The Dodgers are not using The Profiler on their major league players this year because they chose not to participate. They are using it only with their minor league players.
“We tested it with players in spring training and on the major league level we got zero compliance,” Conte said. “In the minors it was 95 percent compliance.”
Conte has been working with Kitman for about a year to help fit The Profiler for baseball. One of his initial concerns was how time-consuming the collection and input of data would be, but each monitoring “station” can be completed in as little as 10 to 15 seconds.
"One of the things that interested me is how their predictive software works,” Conte said. “In the past five years there has been a lot of new predicative software in the field of analytics, where the system learns the data and questions itself. That’s what drove me to do research on them.

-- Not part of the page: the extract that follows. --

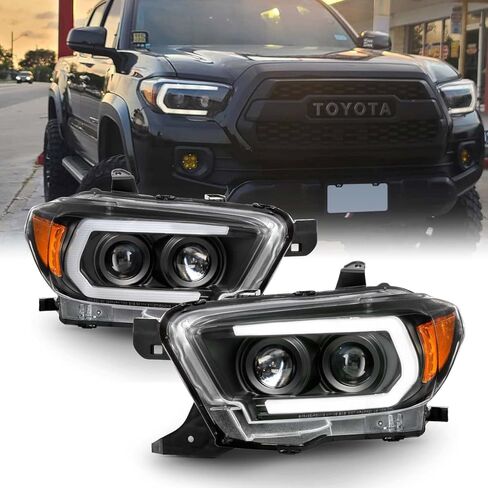 AKKON - Fit 2016-2022 Toyota Tacoma LED Tube Projector Black Headlight w/Sequential Turn Signal Pair Housing in Saudi Arabia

"One of the problems with baseball is not in the collecting of data but in the analyzing of it. Every team looks at a lot of biometrics. Range of motion is a big thing—whether pitchers have restrictions and whether that can be predictive. A lot of teams will do this in the beginning of the season and at the end of the season. So it makes a lot of sense to me that we be doing it throughout the season.
As the analytics in baseball grow, it would be easy to assume that cold-hearted data is taking over the game. Instead, the rise of information is putting a greater value on the analysts—the people who can interpret the data in smart, functional ways.
"The first thing we want to find out is, does the software do what it says it’s going to do?" Conte said. "I like what the software appears to give you. I think it’s worth the effort to try it. We’ve been pretty happy with the company and what they said about baseball versus rugby or soccer. At the end of the day will it work? We have to see if that’s the case. It’s a fascinating program and it intrigued me to work on it."